The police located the Wrangler within minutes. Officer Nathaniel Rossi signaled for the vehicle to stop. Instead, the Wrangler accelerated, fleeing at speeds of up to 85 miles per hour. The driver failed to stop even after encountering several police-laid spike strips, which severely damaged the front left tire of the vehicle. After the Wrangler ran a red light and nearly collided with two other vehicles, the police decided to terminate the pursuit.
The police thereafter relocated the vehicle near a highway on-ramp, where it had collided with a light post. The key was still in the ignition but the driver was gone. The police used a K-9 to search the surrounding area. The K-9 led the police to Darin Gatson, who was hiding beneath a bush approximately one block away from the scene of the crash.
Gatson denied that he had taken the Wrangler. He claimed that he was homeless and had been sleeping under the bush. The police discovered the key to a different vehicle in Gatson's pocket. This key was later determined to fit the ignition of a Jeep Cherokee belonging to the same dealership from which the Wrangler had been stolen. Both the Wrangler key and the Cherokee key were normally stored on a board located within the dealership's sales office. In addition, two latent fingerprints were recovered from inside the stolen Wrangler that matched those of Gatson.
The Cherokee could not be started because it had a dead battery.
Although the office showed no signs of forced entry, the police determined that the installation of an air conditioning unit had left room for a person outside the office to reach inside and unlock the door.
Gatson was thereafter charged by amended information with attempting to elude a pursuing police vehicle (count one), possession of a stolen vehicle (count two), and second degree burglary (count three). He waived his right to a jury trial. Following a bench trial, Gatson was convicted as charged. In addition, the trial court determined that Gatson had "used" a motor vehicle to commit the crimes of eluding a pursuing police vehicle and possession of a stolen vehicle, thus requiring the Department of Licensing to revoke Gatson's driver's license for one year.
Gatson appeals.
II
Gatson first contends that the State's fingerprint evidence should have been excluded at trial because it did not meet Washington's standard for the admissibility of scientific evidence. In the trial court, however, Gatson neither moved to exclude this evidence nor argued that the methodology underlying fingerprint evidence is not generally accepted within the scientific community. Accordingly, he is not entitled to appellate review of this issue.

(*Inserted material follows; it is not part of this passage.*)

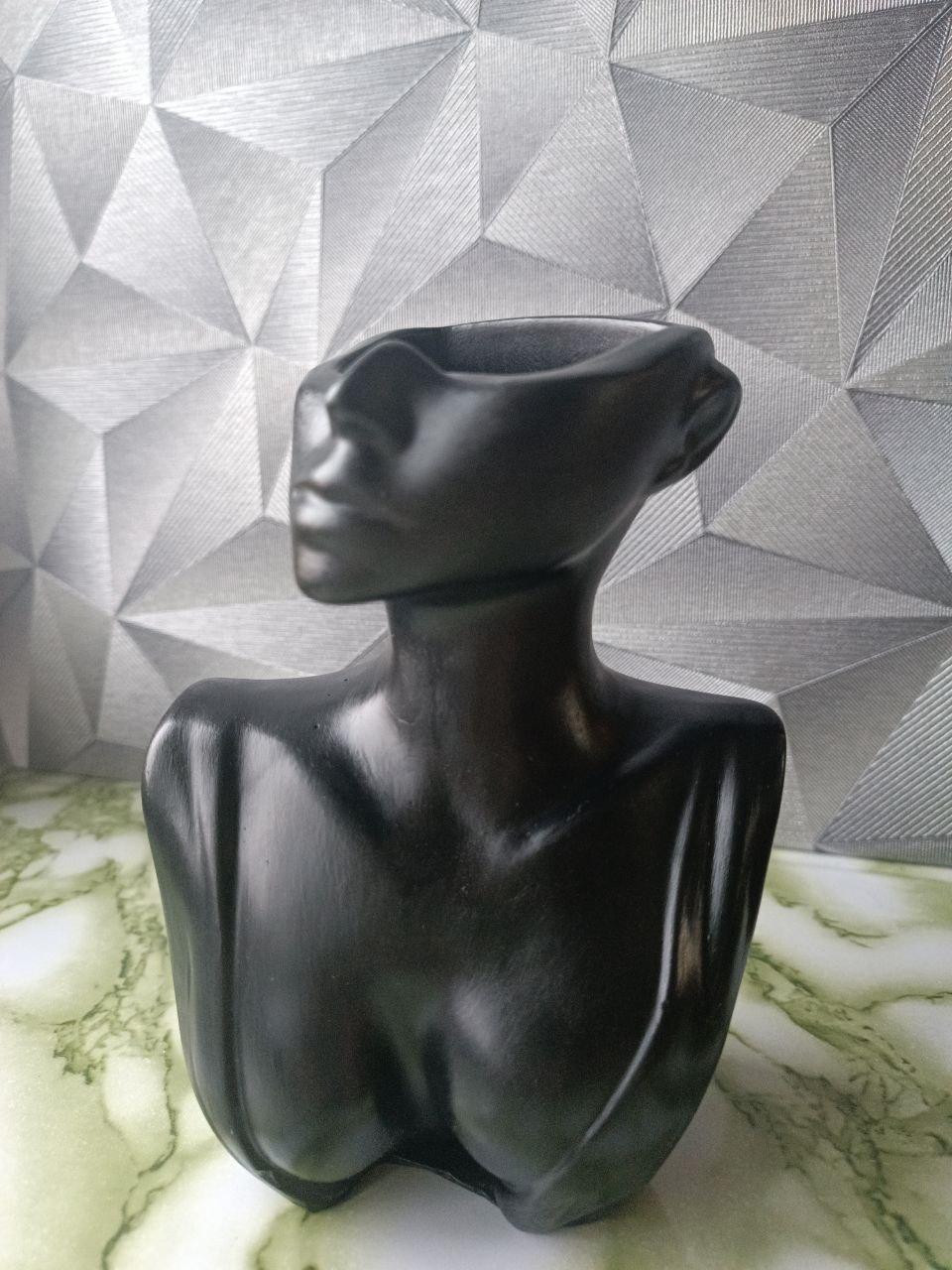 Ваза-кашпо Женский бюст из гипса ручной работы Черный Ваза-кашпо Женский бюст из гипса ручной работы Черный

In determining the admissibility of evidence based upon novel scientific theories or methods, Washington courts employ the "general acceptance" standard set forth in Frye v. United States, 293 F. 1013 (D.C. Cir. 1923). State v. Copeland, 130 Wn.2d 244, 922 P.2d 1304 (1996). "The Frye standard requires a trial court to determine whether a scientific theory or principle 'has achieved general acceptance in the relevant scientific community' before admitting it into evidence." In re Det. of Thorell, 149 Wn.2d 724, 754, 72 P.3d 708 (2003) (internal quotation marks omitted) (quoting In re Pers. Restraint of Young, 122 Wn.2d 1, 56, 857 P.2d 989 (1993)). "Once a methodology is accepted in the scientific community, then application of the science to a particular case is a matter of weight and admissibility under ER 702, which allows qualified expert witnesses to testify if scientific, technical, or other specialized knowledge will assist the trier or fact." State v. Gregory, 158 Wn.2d 759, 829-30, 147 P.3d 1201 (2006).

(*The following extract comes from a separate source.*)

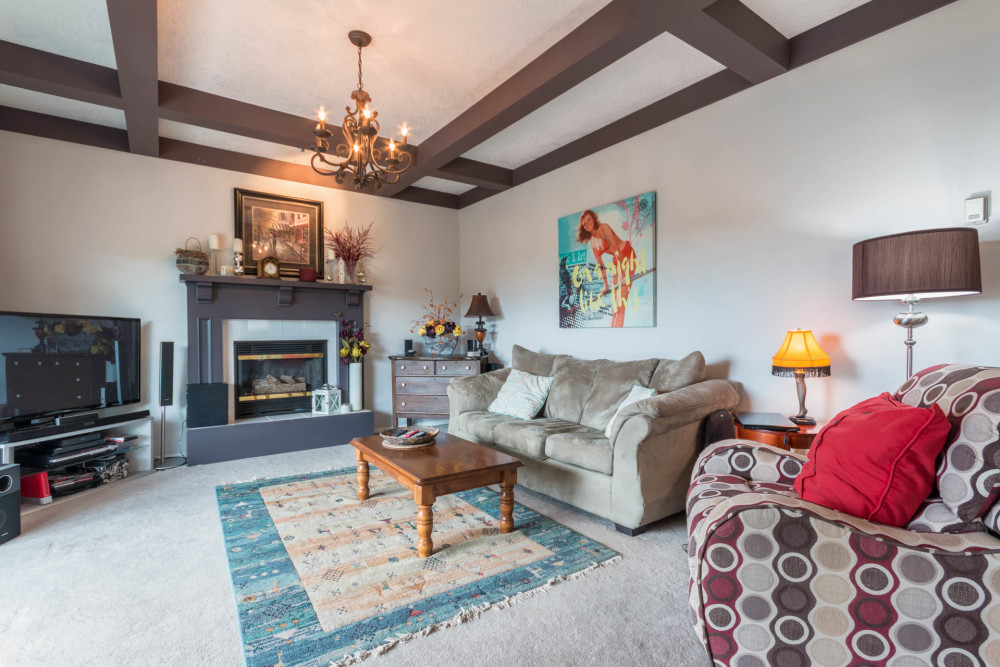 helmsing homes for sale | 2325 Evelyn Heights | Anthea Helmsing & Gay helmsing | Victoria BC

"When a party fails to raise a Frye argument below, a reviewing court need not consider it on appeal." In re Det. of Taylor, 132 Wn.App. 827, 836, 134 P.3d 254 (2006). "Error may not be predicated upon a ruling which admits . . . evidence unless . . . a timely objection or motion to strike is made, stating the specific ground of objection, if the specific ground was not apparent from the context." ER 103(a)(1). A defendant may not couch the failure to raise an evidentiary challenge to scientific evidence as a question of constitutional significance on appeal. In re Det. of Post, 145 Wn.App. 728, 755-56, 187 P.3d 803 (2008) ("Post attempts to sidestep the fact that he did not seek a Frye hearing in the trial court, and, thus, has not preserved an evidentiary challenge for review" (footnote omitted)), aff'd, 170 Wn.2d 302, 241 P.3d 1234 (2010). Moreover, particularly where evidence is based upon a routinely used and "familiar forensic technique, " an objection to that evidence must be sufficiently specific to inform the trial court that a Frye challenge is intended. State v. Wilbur-Bobb, 134 Wn.App. 627, 634, 141 P.3d 665 (2006); see also State v. Newbern, 95 Wn.App. 277, 288-89, 975 P.2d 1041 (1999) (declining to review Frye issue on appeal where the defendant did not invoke Frye or otherwise argue that the methodology employed was not accepted within the relevant scientific community).

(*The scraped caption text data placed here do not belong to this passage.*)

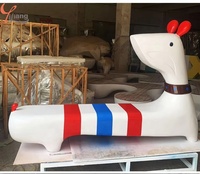 Sculpture 3D personnalisée en résine Chaise de relaxation créative en forme de chien en fibre de verre pour les loisirs de plein air et les centres commerciaux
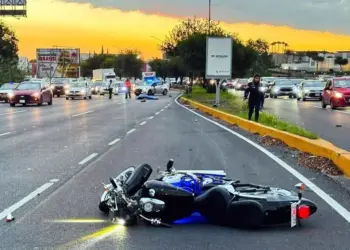 Motociclista muere al chocar contra barandal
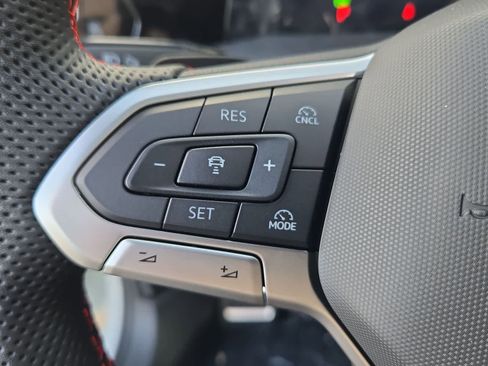 New 2026 Volkswagen GTI SE FWD image 32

Here, Gatson did not object to the admission of the fingerprint evidence or request a Frye hearing at trial. He did not contest the proposition that the methodology underlying fingerprint evidence is generally accepted in the relevant scientific community, even when the State's expert testified that his technique and analysis were "accepted in the scientific field." Indeed, Gatson raised no objection either during or before the start of the expert's testimony. Instead, Gatson waited until closing argument to argue that the fingerprint evidence against him was entitled to no weight and that, even "if the court does put weight into that evidence, " it was inadequate to establish his presence in the stolen vehicle.
This argument was insufficient to preserve a Frye issue for appeal. It was neither an objection nor a motion to strike. It was not timely. Nor was it sufficiently specific to apprise the trial court that a Frye challenge was intended. Fingerprint analysis is, of course, a "familiar forensic technique" that is routinely the subject of expert testimony in our trial courts. Wilbur-Bobb, 134 Wn.App. at 634. Because Gatson did not interpose a proper objection to the admission of the fingerprint evidence, he is not entitled to appellate review of this issue.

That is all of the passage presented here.